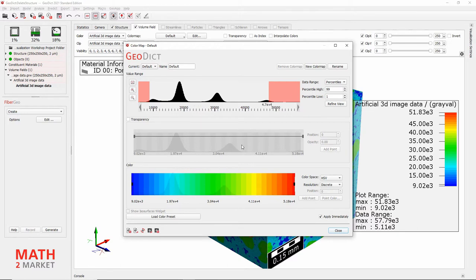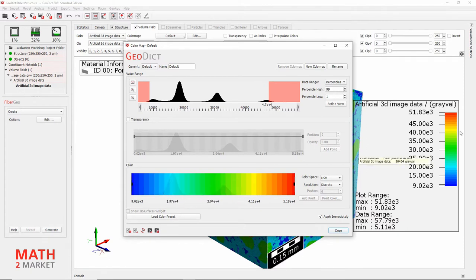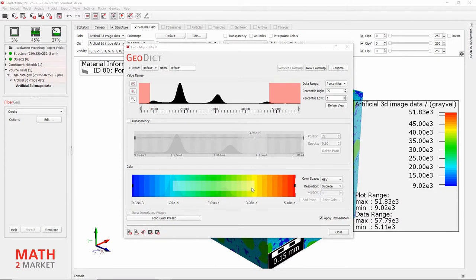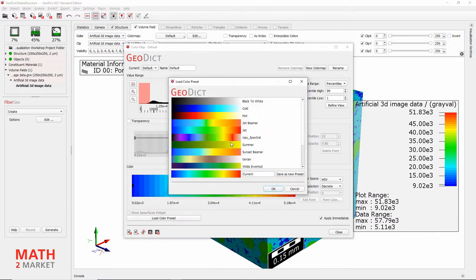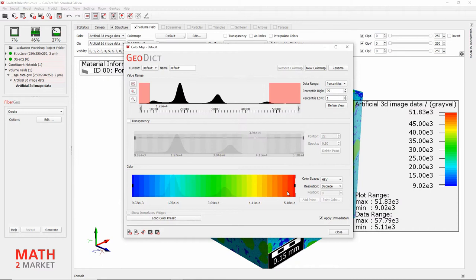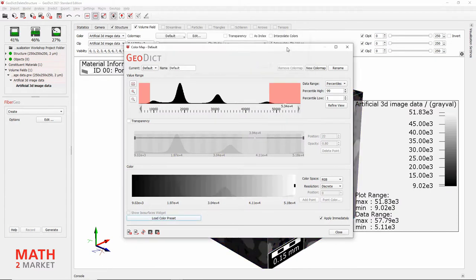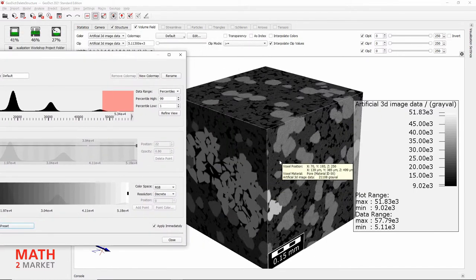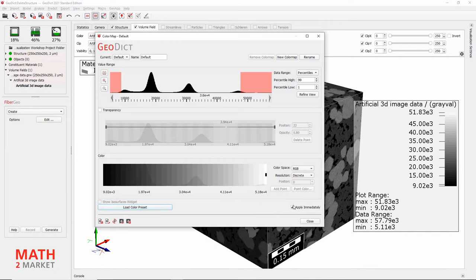In the middle you can see the transparency setting, which maps data values to a certain transparency value. Because we have disabled transparency, this has no effect and is grayed out. At the bottom we can see the mapping of data values to colors, which is reflected in the color scale next to the image. To change the color map, click Load Color Preset and select the first color map — a simple black to white color map. Because this will slow us down in the next step, we will disable the Apply Immediately feature by unchecking that box. This means any change we make will not be directly reflected in the rendering until we click Apply.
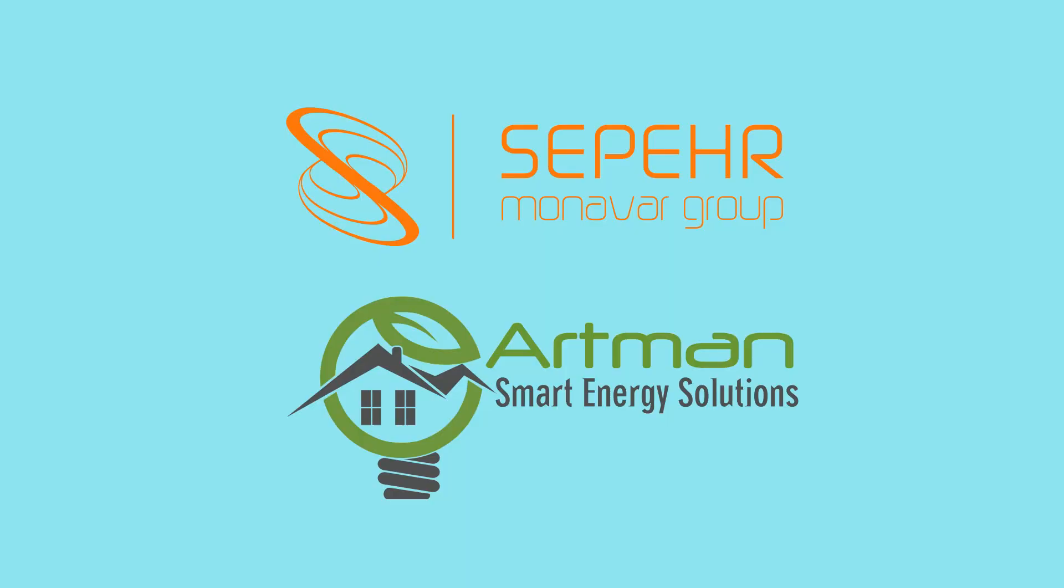Therefore using Sonoff DW2, or let's say door window sensor, you can have a simple alarm system. Before continuing the video I thank the Permona Work Group and Artman Company for supporting me.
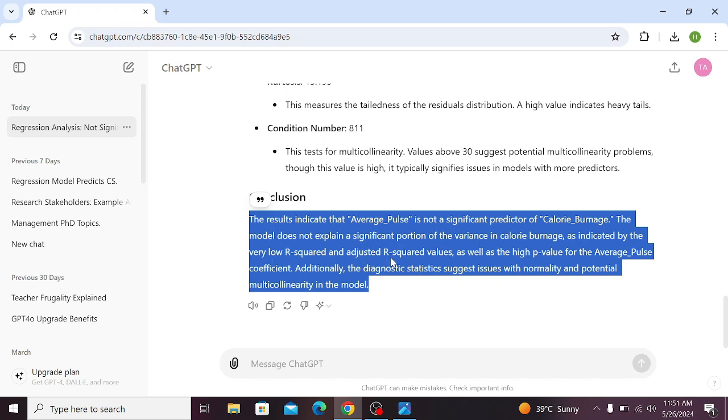Simply you can interpret the results with ChatGPT very quickly and very accurately. Hope this video will help you interpreting the results. Thank you for watching.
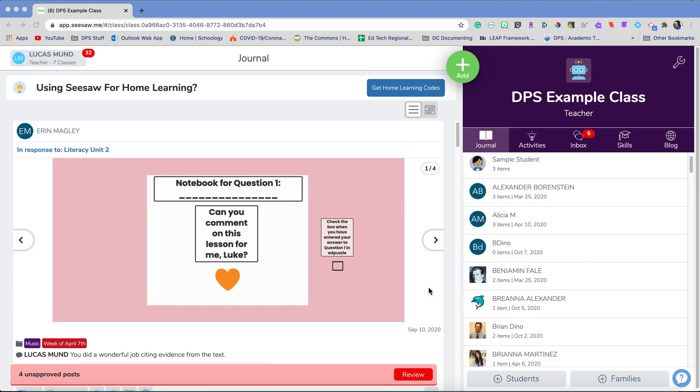Sometimes when our schools switch their term—that could be semester, trimester, quarter—or switch what phase they are in for teaching. So a student is going from virtual to in-person, so they're switching teacher or something like that.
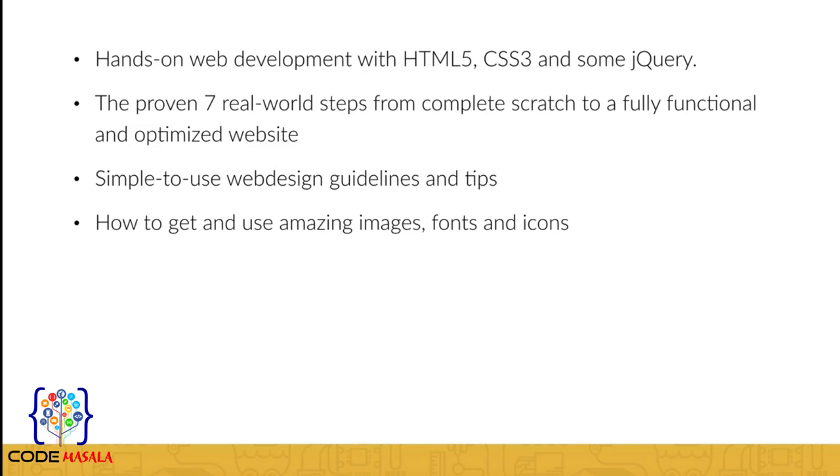I'll show you how to get and use amazing images, fonts, and icons to make your website shine - all for free.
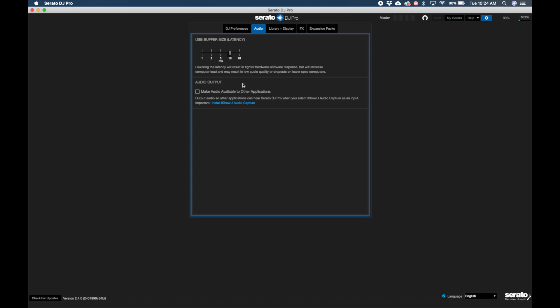Here you'll see the new audio output section with the checkbox that says make audio available to other applications. And the fine print says output audio so other applications can hear Serato DJ Pro when you select iShowU audio capture as an input.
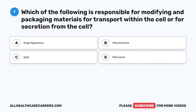Question 7. Which of the following is responsible for modifying and packaging materials for transport within the cell or for secretion from the cell? A. Golgi apparatus. B. Mitochondria. C. DNA. D. Ribosome.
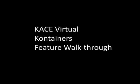Hello, I'm Bob Kelly, Senior Product Manager at KACE, and today I'll be doing a feature walkthrough of KACE Virtual Containers.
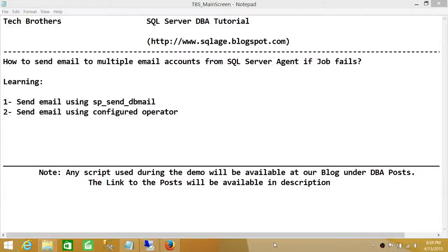Welcome to Tech Brothers. In this video, we're going to learn how to send email to multiple email accounts from SQL Server Agent if a job fails. We'll be using two ways to do it: one is sp_send_dbmail, and the other is using a configured operator.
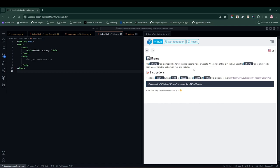In this exercise, LearnPack is teaching us about an interesting tag, the iframe tag, which basically allows us to have one website within another.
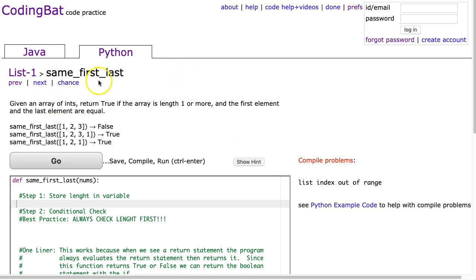Today we're going to look at same_first_last, which is in list 1, and this is the Python solution. Given an array of ints, return true if the array is length 1 or more, and the first element and the last element are equal.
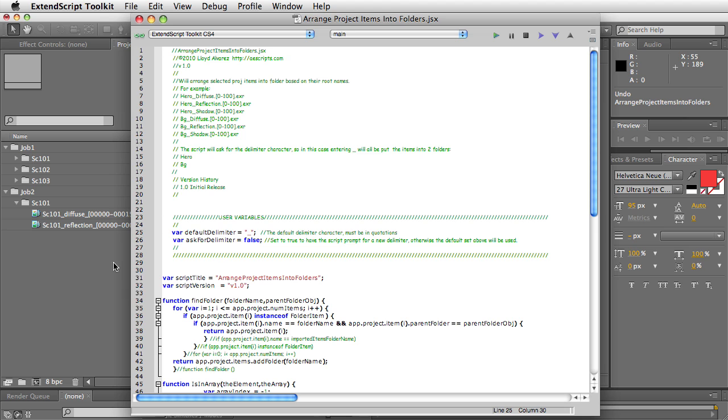Anyway, that's it. Arrange project items into folders script. Hope you guys enjoy it.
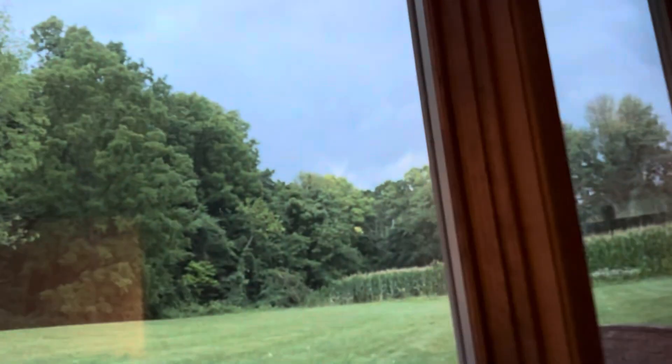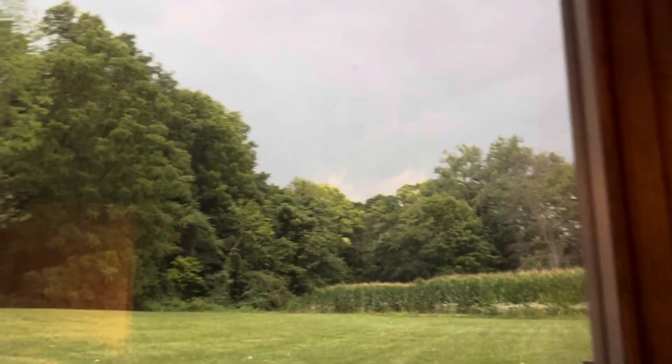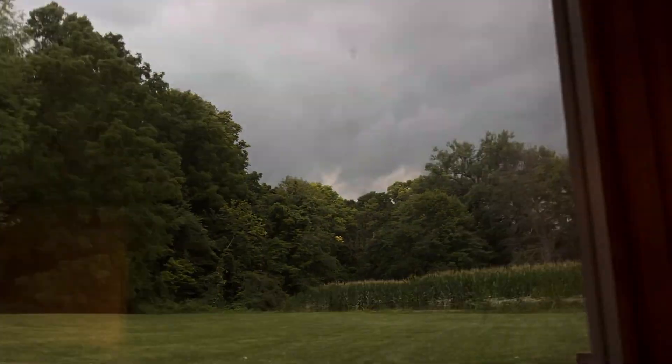The National Weather Service in Indianapolis has issued a severe thunderstorm warning for Southern Shelby County, Northwestern Decatur County, Southeastern Johnson County, Northeastern Brown County, until 8:15 p.m. Eastern Daylight Time.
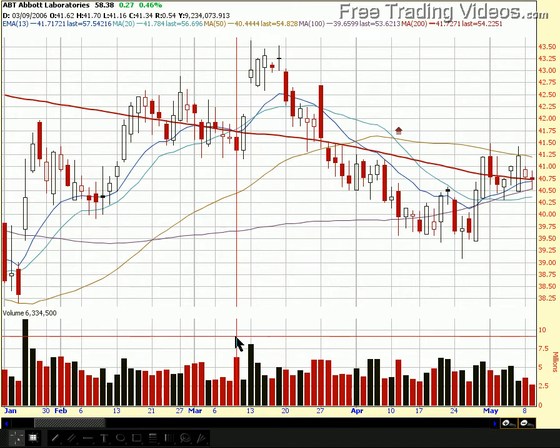Hello, everybody. Welcome to freetradingvideos.com. This is Matador, and I wanted to make a video about Fibonacci retracements — just a quick one to try to strip the fluff out of it.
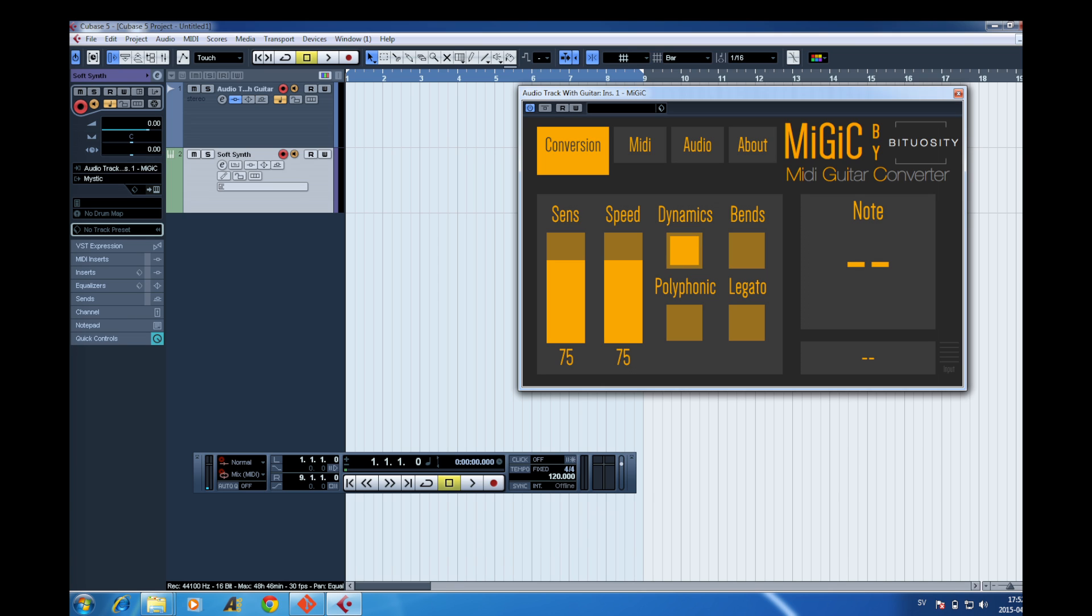The thing to watch out for here is to make sure that you do not have direct monitoring activated in the VST multi-track settings. If this is activated you will not be able to use Mijic in real time as this will bypass all the effects on the channels.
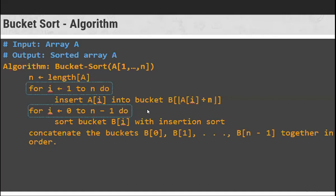This is the algorithm for bucket sort. We need a for loop to insert the elements into the bucket using modulo 10. Then another for loop to sort bucket b[i] with insertion sort. All the buckets at positions 0, 1, 2 get written together. This is the algorithm and we will see the full implementation in the lab. That is all about bucket sort.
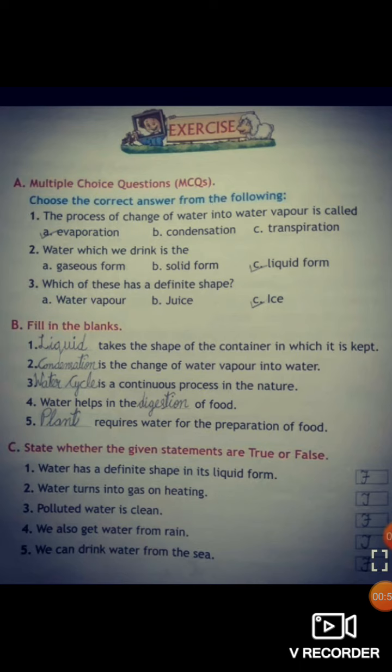The answer to number one is liquid. Number two: dash is the change of water vapor into water — the answer is condensation. Number three: dash is a continuous process in nature — the answer is water cycle.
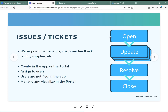The workflow of an individual issue is shown here on the right. First you open it, then you can create as many updates as needed, then you can either resolve it or resolve and close it. You can create these issues inside the mWater or Solstice apps or through the portal. You can assign them to users or groups of users, and once you do, those users get push notifications in their apps so they're aware of what's been assigned to them.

**PROBLEM STATEMENT:** All the records above must be retyped exactly, except for their pictures.

**WRITTEN ANSWER:**
In the middle you can see the transparency setting, which maps data values to a certain transparency value. Because we have disabled transparency, this has no effect and is grayed out. At the bottom we can see the mapping of data values to colors, which is reflected in the color scale next to the image. To change the color map, click Load Color Preset and select the first color map — a simple black to white color map. Because this will slow us down in the next step, we will disable the Apply Immediately feature by unchecking that box. This means any change we make will not be directly reflected in the rendering until we click Apply.
Therefore using Sonoff DW2, or let's say door window sensor, you can have a simple alarm system. Before continuing the video I thank the Permona Work Group and Artman Company for supporting me.
Simply you can interpret the results with ChatGPT very quickly and very accurately. Hope this video will help you interpreting the results. Thank you for watching.
Sometimes when our schools switch their term—that could be semester, trimester, quarter—or switch what phase they are in for teaching. So a student is going from virtual to in-person, so they're switching teacher or something like that.
I'll show you how to get and use amazing images, fonts, and icons to make your website shine - all for free.
Here you'll see the new audio output section with the checkbox that says make audio available to other applications. And the fine print says output audio so other applications can hear Serato DJ Pro when you select iShowU audio capture as an input.
Question 7. Which of the following is responsible for modifying and packaging materials for transport within the cell or for secretion from the cell? A. Golgi apparatus. B. Mitochondria. C. DNA. D. Ribosome.
Hello, I'm Bob Kelly, Senior Product Manager at KACE, and today I'll be doing a feature walkthrough of KACE Virtual Containers.
Welcome to Tech Brothers. In this video, we're going to learn how to send email to multiple email accounts from SQL Server Agent if a job fails. We'll be using two ways to do it: one is sp_send_dbmail, and the other is using a configured operator.
In this exercise, LearnPack is teaching us about an interesting tag, the iframe tag, which basically allows us to have one website within another.
Today we're going to look at same_first_last, which is in list 1, and this is the Python solution. Given an array of ints, return true if the array is length 1 or more, and the first element and the last element are equal.
Anyway, that's it. Arrange project items into folders script. Hope you guys enjoy it.
The National Weather Service in Indianapolis has issued a severe thunderstorm warning for Southern Shelby County, Northwestern Decatur County, Southeastern Johnson County, Northeastern Brown County, until 8:15 p.m. Eastern Daylight Time.
Hello, everybody. Welcome to freetradingvideos.com. This is Matador, and I wanted to make a video about Fibonacci retracements — just a quick one to try to strip the fluff out of it.
The thing to watch out for here is to make sure that you do not have direct monitoring activated in the VST multi-track settings. If this is activated you will not be able to use Mijic in real time as this will bypass all the effects on the channels.
This is the algorithm for bucket sort. We need a for loop to insert the elements into the bucket using modulo 10. Then another for loop to sort bucket b[i] with insertion sort. All the buckets at positions 0, 1, 2 get written together. This is the algorithm and we will see the full implementation in the lab. That is all about bucket sort.
The answer to number one is liquid. Number two: dash is the change of water vapor into water — the answer is condensation. Number three: dash is a continuous process in nature — the answer is water cycle.
The workflow of an individual issue is shown here on the right. First you open it, then you can create as many updates as needed, then you can either resolve it or resolve and close it. You can create these issues inside the mWater or Solstice apps or through the portal. You can assign them to users or groups of users, and once you do, those users get push notifications in their apps so they're aware of what's been assigned to them.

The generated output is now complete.